An electrostatic loudspeaker (ESL) is a loudspeaker design in which sound is generated by the force exerted on a membrane suspended in an electrostatic field.


Design and functionality

The speakers use a thin flat diaphragm usually consisting of a plastic sheet coated with a conductive material such as graphite sandwiched between two electrically conductive grids, with a small air gap between the diaphragm and grids. For low distortion operation, the diaphragm must operate with a constant charge on its surface, rather than with a constant voltage. This is accomplished by either or both of two techniques: the diaphragm's conductive coating is chosen and applied in a manner to give it a very high surface resistivity, and/or a large value resistor is placed in series between the EHT (Extra High Tension or Voltage) power supply and the diaphragm (resistor not shown in the diagram here).However the latter technique will still allow distortion as the charge will migrate across the diaphragm to the point closest to the "grid" or electrode thereby increasing the force moving the diaphragm, this will occur at audio frequency so the diaphragm requires a high resistance (megohms) to slow the movement of charge for a practical speaker.

The diaphragm is usually made from a polyester film (thickness 2–20 µm) with exceptional mechanical properties, such as PET film.
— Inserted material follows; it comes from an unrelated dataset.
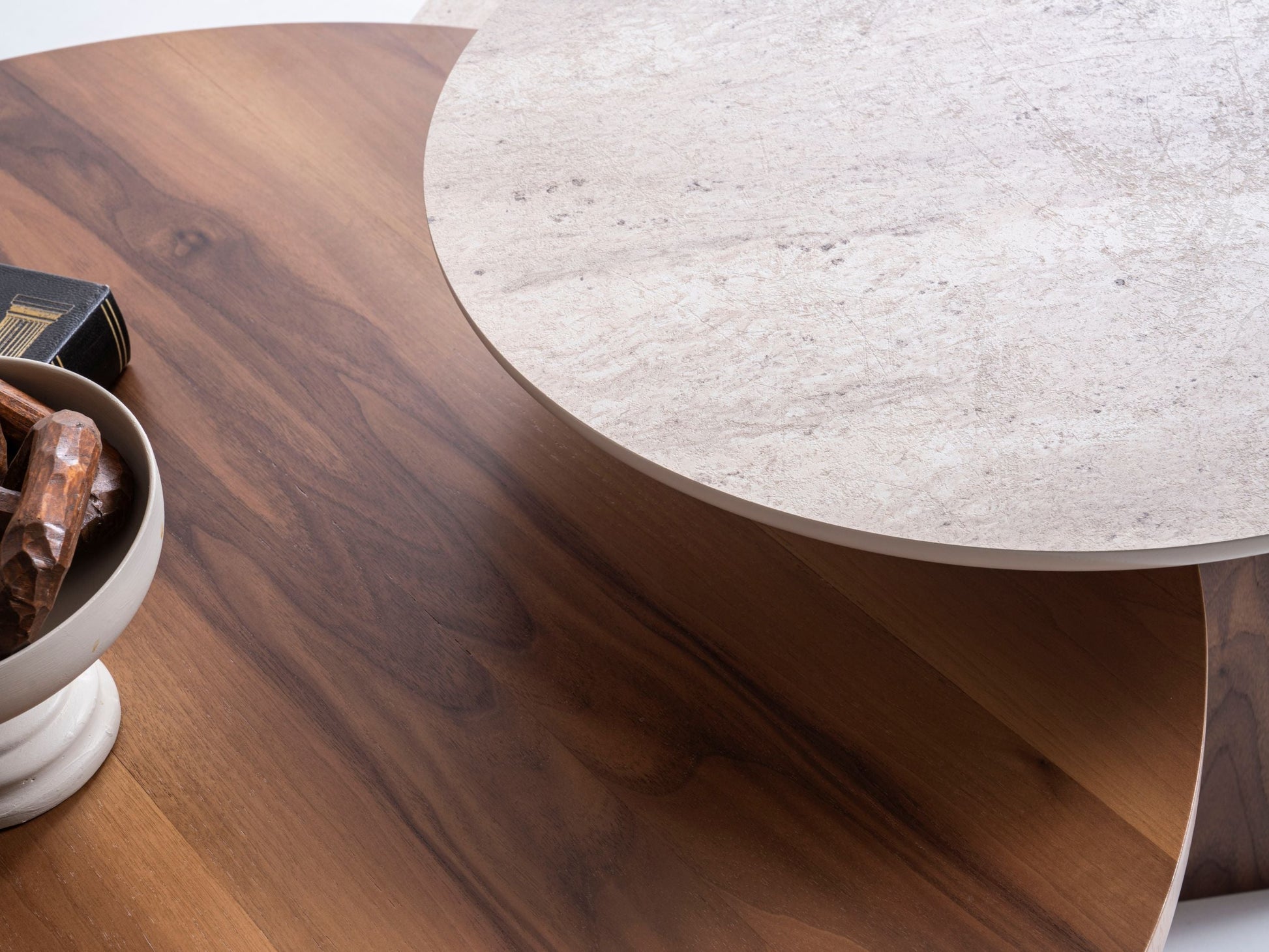 674 Walnut-Travertine Coffee with End Table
By means of the conductive coating and an external high voltage supply the diaphragm is held at a DC potential of several kilovolts with respect to the grids. The grids are driven by the audio signal; front and rear grid are driven in antiphase. As a result a uniform electrostatic field proportional to the audio signal is produced between both grids. This causes a force to be exerted on the charged diaphragm, and its resulting movement drives the air on either side of it.
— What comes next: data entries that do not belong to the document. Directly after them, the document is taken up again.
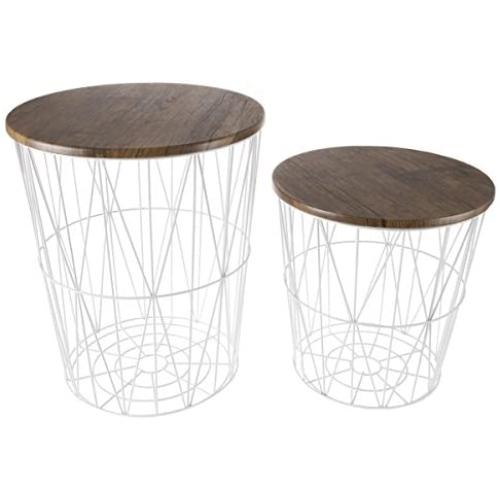 Lavish Home Convertible Round Metal Basket Veneer Wood Top Accent Side Home and Office Nesting End Tables with Storage- (Set of 2), White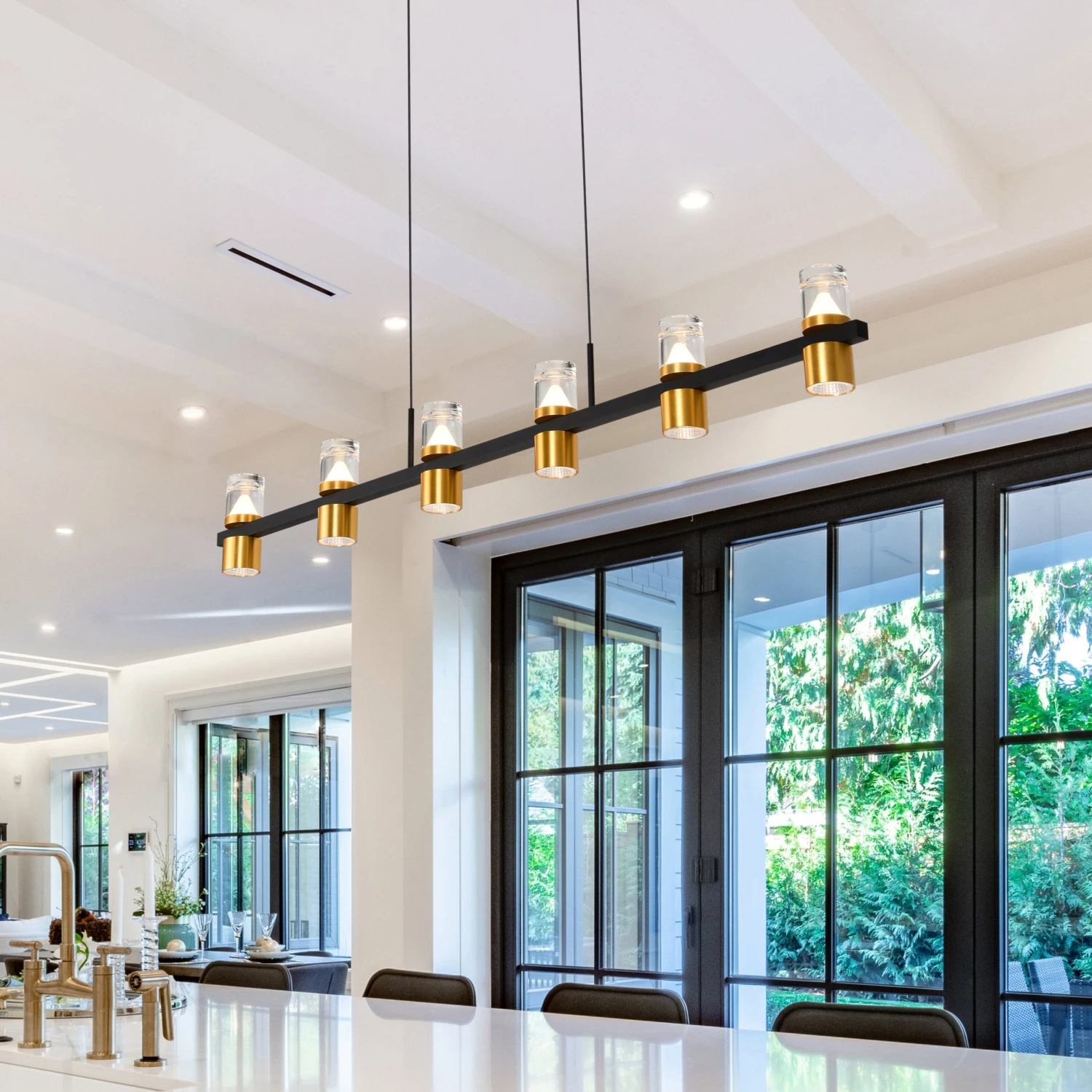 VONN LIGHTING VONN Artisan Ellegi VMC34247BL 47" Integrated LED ETL Certified Pendant, Height Adjustable Chandelier, Black 5 VONN LIGHTING VONN Artisan Ellegi VMC34247BL 47" Integrated LED ETL Certified Pendant, Height Adjustable Chandelier, Black - Image 3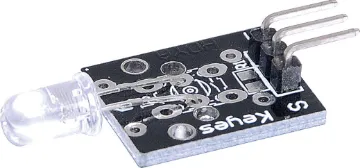 Infra-Red Transmission Breakout Board Ideal for transmitting IR signals to control your existing home devices via Arduino.  Wide transmission angle.   Frequency: 37.9KHz. 3-5V input. 30L x 25Wmm.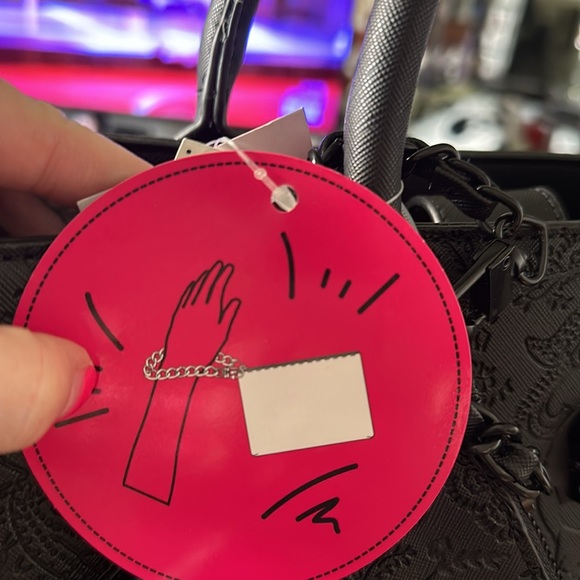 Betsey Johnson Black Embossed Shoulder Bag - Picture 11 of 15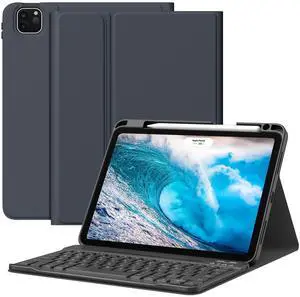 MoKo for New iPad Air 11 Inch Case with Keyboard 2025/2024 Released, Magic Detachable Folio Keyboard Cover with Pencil Holder for iPad Air 7th/6th/5th/4th Generation, Space Gray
In virtually all electrostatic loudspeakers the diaphragm is driven by two grids, one on either side, because the force exerted on the diaphragm by a single grid will be unacceptably non-linear, thus causing harmonic distortion. Using grids on both sides cancels out voltage dependent part of non-linearity but leaves charge (attractive force) dependent part[1]. The result is near complete absence of harmonic distortion. In one recent design, the diaphragm is driven with the audio signal, with the static charge located on the grids (Final Sound).

The grids must be able to generate as uniform an electric field as possible, while still allowing for sound to pass through. Suitable grid constructions are therefore perforated metal sheets, a frame with tensioned wire, wire rods, etc.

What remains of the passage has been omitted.